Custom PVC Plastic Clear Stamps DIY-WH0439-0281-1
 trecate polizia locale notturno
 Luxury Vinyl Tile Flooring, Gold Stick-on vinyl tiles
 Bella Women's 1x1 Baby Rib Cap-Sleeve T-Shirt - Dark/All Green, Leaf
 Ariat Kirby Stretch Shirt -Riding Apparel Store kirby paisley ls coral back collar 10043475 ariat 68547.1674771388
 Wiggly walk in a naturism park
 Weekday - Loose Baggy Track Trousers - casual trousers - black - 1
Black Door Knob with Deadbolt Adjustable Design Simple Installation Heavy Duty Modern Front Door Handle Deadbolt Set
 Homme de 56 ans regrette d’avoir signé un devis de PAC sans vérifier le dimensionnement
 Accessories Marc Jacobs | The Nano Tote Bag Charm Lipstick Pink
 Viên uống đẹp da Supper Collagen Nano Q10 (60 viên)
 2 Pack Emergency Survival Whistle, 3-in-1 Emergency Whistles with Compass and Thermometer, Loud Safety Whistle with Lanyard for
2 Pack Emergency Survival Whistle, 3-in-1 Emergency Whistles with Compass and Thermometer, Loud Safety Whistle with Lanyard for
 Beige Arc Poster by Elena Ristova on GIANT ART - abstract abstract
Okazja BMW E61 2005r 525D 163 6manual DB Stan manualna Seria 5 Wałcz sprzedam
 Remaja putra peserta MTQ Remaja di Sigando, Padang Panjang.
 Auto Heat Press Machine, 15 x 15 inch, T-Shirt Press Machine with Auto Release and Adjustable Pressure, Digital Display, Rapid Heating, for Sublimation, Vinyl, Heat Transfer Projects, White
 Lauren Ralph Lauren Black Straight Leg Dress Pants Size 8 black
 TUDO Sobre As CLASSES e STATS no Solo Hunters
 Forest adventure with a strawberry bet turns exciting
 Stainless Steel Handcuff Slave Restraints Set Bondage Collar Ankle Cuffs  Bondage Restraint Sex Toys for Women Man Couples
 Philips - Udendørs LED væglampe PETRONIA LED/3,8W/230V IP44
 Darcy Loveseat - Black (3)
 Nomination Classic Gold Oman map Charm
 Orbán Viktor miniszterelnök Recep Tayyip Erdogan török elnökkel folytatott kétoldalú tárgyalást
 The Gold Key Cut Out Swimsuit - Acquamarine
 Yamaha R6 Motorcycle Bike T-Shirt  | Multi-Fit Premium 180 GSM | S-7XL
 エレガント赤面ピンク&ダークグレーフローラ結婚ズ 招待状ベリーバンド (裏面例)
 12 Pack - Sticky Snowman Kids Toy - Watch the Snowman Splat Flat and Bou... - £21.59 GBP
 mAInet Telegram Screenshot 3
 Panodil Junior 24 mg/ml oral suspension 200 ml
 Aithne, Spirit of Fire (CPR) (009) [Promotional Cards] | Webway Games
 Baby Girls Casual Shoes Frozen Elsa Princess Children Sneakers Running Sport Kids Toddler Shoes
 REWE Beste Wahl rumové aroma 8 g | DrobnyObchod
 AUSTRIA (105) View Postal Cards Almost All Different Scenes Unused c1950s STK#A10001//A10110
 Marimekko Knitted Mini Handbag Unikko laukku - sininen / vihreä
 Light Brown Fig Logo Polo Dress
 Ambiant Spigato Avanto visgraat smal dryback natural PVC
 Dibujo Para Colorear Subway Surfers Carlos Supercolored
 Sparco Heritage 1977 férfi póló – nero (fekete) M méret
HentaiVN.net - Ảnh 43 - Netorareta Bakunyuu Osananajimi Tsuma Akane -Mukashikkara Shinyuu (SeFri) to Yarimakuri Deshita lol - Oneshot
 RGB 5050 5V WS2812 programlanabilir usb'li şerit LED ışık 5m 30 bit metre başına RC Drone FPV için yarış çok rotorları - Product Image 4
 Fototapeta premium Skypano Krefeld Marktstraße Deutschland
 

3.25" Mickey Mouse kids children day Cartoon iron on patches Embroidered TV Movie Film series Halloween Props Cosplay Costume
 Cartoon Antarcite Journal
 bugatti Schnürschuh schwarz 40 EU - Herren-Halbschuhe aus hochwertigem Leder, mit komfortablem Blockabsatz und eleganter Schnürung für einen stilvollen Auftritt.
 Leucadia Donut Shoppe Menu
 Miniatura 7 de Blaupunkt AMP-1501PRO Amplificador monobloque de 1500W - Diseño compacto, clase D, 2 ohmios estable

• ABOUT THIS TASK
Every entry should be output exactly as written, please.

• TASK OUTPUT
Custom PVC Plastic Clear Stamps DIY-WH0439-0281-1
 trecate polizia locale notturno
 Luxury Vinyl Tile Flooring, Gold Stick-on vinyl tiles
 Bella Women's 1x1 Baby Rib Cap-Sleeve T-Shirt - Dark/All Green, Leaf
 Ariat Kirby Stretch Shirt -Riding Apparel Store kirby paisley ls coral back collar 10043475 ariat 68547.1674771388
 Wiggly walk in a naturism park
 Weekday - Loose Baggy Track Trousers - casual trousers - black - 1
Black Door Knob with Deadbolt Adjustable Design Simple Installation Heavy Duty Modern Front Door Handle Deadbolt Set
 Homme de 56 ans regrette d’avoir signé un devis de PAC sans vérifier le dimensionnement
 Accessories Marc Jacobs | The Nano Tote Bag Charm Lipstick Pink
 Viên uống đẹp da Supper Collagen Nano Q10 (60 viên)
 2 Pack Emergency Survival Whistle, 3-in-1 Emergency Whistles with Compass and Thermometer, Loud Safety Whistle with Lanyard for
2 Pack Emergency Survival Whistle, 3-in-1 Emergency Whistles with Compass and Thermometer, Loud Safety Whistle with Lanyard for
 Beige Arc Poster by Elena Ristova on GIANT ART - abstract abstract
Okazja BMW E61 2005r 525D 163 6manual DB Stan manualna Seria 5 Wałcz sprzedam
 Remaja putra peserta MTQ Remaja di Sigando, Padang Panjang.
 Auto Heat Press Machine, 15 x 15 inch, T-Shirt Press Machine with Auto Release and Adjustable Pressure, Digital Display, Rapid Heating, for Sublimation, Vinyl, Heat Transfer Projects, White
 Lauren Ralph Lauren Black Straight Leg Dress Pants Size 8 black
 TUDO Sobre As CLASSES e STATS no Solo Hunters
 Forest adventure with a strawberry bet turns exciting
 Stainless Steel Handcuff Slave Restraints Set Bondage Collar Ankle Cuffs  Bondage Restraint Sex Toys for Women Man Couples
 Philips - Udendørs LED væglampe PETRONIA LED/3,8W/230V IP44
 Darcy Loveseat - Black (3)
 Nomination Classic Gold Oman map Charm
 Orbán Viktor miniszterelnök Recep Tayyip Erdogan török elnökkel folytatott kétoldalú tárgyalást
 The Gold Key Cut Out Swimsuit - Acquamarine
 Yamaha R6 Motorcycle Bike T-Shirt  | Multi-Fit Premium 180 GSM | S-7XL
 エレガント赤面ピンク&ダークグレーフローラ結婚ズ 招待状ベリーバンド (裏面例)
 12 Pack - Sticky Snowman Kids Toy - Watch the Snowman Splat Flat and Bou... - £21.59 GBP
 mAInet Telegram Screenshot 3
 Panodil Junior 24 mg/ml oral suspension 200 ml
 Aithne, Spirit of Fire (CPR) (009) [Promotional Cards] | Webway Games
 Baby Girls Casual Shoes Frozen Elsa Princess Children Sneakers Running Sport Kids Toddler Shoes
 REWE Beste Wahl rumové aroma 8 g | DrobnyObchod
 AUSTRIA (105) View Postal Cards Almost All Different Scenes Unused c1950s STK#A10001//A10110
 Marimekko Knitted Mini Handbag Unikko laukku - sininen / vihreä
 Light Brown Fig Logo Polo Dress
 Ambiant Spigato Avanto visgraat smal dryback natural PVC
 Dibujo Para Colorear Subway Surfers Carlos Supercolored
 Sparco Heritage 1977 férfi póló – nero (fekete) M méret
HentaiVN.net - Ảnh 43 - Netorareta Bakunyuu Osananajimi Tsuma Akane -Mukashikkara Shinyuu (SeFri) to Yarimakuri Deshita lol - Oneshot
 RGB 5050 5V WS2812 programlanabilir usb'li şerit LED ışık 5m 30 bit metre başına RC Drone FPV için yarış çok rotorları - Product Image 4
 Fototapeta premium Skypano Krefeld Marktstraße Deutschland
 

3.25" Mickey Mouse kids children day Cartoon iron on patches Embroidered TV Movie Film series Halloween Props Cosplay Costume
 Cartoon Antarcite Journal
 bugatti Schnürschuh schwarz 40 EU - Herren-Halbschuhe aus hochwertigem Leder, mit komfortablem Blockabsatz und eleganter Schnürung für einen stilvollen Auftritt.
 Leucadia Donut Shoppe Menu
 Miniatura 7 de Blaupunkt AMP-1501PRO Amplificador monobloque de 1500W - Diseño compacto, clase D, 2 ohmios estable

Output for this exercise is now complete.